We know West is a vociferous supporter of the aims of the BLEXIT movement. For example, in his now seminal Poopy-Di Scoop song, released earlier this year, he rapped: ‘that’s the problem with this damn nation/All blacks gotta be Democrats/We ain’t made it off the plantation’. Could it be, then, that it was the neon colours of the t-shirts that offended him? It seems the only plausible explanation. Spectator readers familiar with West’s Yeezy clothes line will know he prefers more muted, classier tones. It’s unlikely, having worked to turn Yeezy (as he only the other day told Trump) into a multi-billion dollar concern, that he would now be OK with putting his name to garments sufficiently lurid to pass off as the designs of very small children. What the hell was Owens thinking?

Unsurprisingly, she’s been quick to try to explain: ‘I said on stage that my friend and fellow superhero helped me to design the “X” for BLEXIT. This may shock the world, but Ye [as West is known] is a world renowned designer. Everyone who knows him asks him for advice on design.
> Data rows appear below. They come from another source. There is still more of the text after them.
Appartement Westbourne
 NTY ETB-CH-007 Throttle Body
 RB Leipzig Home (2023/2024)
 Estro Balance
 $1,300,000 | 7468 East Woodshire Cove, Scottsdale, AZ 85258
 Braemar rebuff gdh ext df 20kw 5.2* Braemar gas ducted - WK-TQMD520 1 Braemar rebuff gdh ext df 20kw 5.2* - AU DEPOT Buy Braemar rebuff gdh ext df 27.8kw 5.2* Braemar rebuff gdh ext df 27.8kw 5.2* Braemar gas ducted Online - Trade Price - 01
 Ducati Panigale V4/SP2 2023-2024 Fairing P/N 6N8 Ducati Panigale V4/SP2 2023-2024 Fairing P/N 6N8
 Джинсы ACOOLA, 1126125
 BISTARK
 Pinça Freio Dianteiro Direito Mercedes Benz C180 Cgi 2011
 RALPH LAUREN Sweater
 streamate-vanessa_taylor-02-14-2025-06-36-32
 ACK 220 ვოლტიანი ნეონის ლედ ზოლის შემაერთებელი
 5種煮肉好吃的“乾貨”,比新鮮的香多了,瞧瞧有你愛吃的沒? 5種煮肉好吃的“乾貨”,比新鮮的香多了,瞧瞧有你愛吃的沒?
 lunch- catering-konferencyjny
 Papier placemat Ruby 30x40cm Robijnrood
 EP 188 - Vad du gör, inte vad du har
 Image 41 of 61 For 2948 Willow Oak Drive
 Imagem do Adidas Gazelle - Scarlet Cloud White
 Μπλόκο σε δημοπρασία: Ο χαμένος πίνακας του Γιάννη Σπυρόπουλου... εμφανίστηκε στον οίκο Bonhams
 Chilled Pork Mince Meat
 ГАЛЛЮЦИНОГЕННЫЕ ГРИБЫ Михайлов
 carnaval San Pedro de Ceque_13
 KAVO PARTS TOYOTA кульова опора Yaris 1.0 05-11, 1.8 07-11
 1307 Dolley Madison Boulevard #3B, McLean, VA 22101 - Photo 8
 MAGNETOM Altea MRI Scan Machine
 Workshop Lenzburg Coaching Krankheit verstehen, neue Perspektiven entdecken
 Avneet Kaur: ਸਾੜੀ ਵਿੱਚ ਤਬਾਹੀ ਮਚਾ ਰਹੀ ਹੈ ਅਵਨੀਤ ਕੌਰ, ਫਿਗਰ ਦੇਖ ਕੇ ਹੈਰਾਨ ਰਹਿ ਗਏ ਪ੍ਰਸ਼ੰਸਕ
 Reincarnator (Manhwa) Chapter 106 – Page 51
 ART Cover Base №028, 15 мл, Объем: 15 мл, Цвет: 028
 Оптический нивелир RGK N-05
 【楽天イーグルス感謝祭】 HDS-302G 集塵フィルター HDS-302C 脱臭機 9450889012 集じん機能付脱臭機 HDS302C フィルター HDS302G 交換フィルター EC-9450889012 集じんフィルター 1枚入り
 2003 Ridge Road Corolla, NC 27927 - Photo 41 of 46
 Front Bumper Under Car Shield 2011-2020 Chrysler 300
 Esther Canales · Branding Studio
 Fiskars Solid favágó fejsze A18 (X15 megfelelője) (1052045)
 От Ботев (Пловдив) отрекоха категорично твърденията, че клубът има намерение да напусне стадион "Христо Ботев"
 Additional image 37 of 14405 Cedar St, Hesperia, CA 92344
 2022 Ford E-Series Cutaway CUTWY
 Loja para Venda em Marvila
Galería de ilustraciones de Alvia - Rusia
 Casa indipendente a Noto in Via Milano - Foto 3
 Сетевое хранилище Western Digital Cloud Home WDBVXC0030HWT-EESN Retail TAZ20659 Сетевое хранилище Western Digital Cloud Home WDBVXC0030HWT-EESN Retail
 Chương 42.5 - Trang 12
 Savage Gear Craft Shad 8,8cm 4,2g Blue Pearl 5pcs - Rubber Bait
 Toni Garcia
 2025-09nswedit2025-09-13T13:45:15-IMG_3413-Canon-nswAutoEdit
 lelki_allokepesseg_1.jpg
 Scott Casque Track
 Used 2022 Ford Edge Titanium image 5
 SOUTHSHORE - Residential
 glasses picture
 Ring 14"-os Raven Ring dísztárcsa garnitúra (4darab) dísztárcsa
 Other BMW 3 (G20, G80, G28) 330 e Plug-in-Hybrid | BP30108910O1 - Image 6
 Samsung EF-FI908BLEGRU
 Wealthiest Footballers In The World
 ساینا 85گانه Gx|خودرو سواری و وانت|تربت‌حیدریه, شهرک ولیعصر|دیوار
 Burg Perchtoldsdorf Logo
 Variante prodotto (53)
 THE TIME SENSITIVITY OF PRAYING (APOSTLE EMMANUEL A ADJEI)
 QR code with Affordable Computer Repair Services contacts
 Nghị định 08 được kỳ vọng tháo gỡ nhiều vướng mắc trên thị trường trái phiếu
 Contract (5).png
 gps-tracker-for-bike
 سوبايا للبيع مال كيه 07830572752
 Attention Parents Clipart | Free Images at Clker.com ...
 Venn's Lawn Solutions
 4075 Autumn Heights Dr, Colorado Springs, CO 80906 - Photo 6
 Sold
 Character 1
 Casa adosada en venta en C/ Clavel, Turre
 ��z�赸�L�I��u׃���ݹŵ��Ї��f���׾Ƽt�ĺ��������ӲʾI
Ye supports various people in different regards, because at the end of the day – his [is] a message about love and unity.’

Like you, dear reader, I’ve given up attempting to discern what West is up to. I used to think he was trying to kill the existential threat Trump posed to liberal America with kindness, embracing it to co-opt it, exactly the way Elton John did when he sang a duet with the then seemingly homophobic Eminem at the Grammys in 2001. But now I’ve realised that trying to divine the workings of West’s mind – a higher being – is pointless. The whole thing might be performance art, or it might be deadly serious. Perhaps he’s just holding a mirror up to our society. Whatever he’s doing, it’s magnificent. He is the gift that keeps giving.

My advice: sit back and enjoy the show.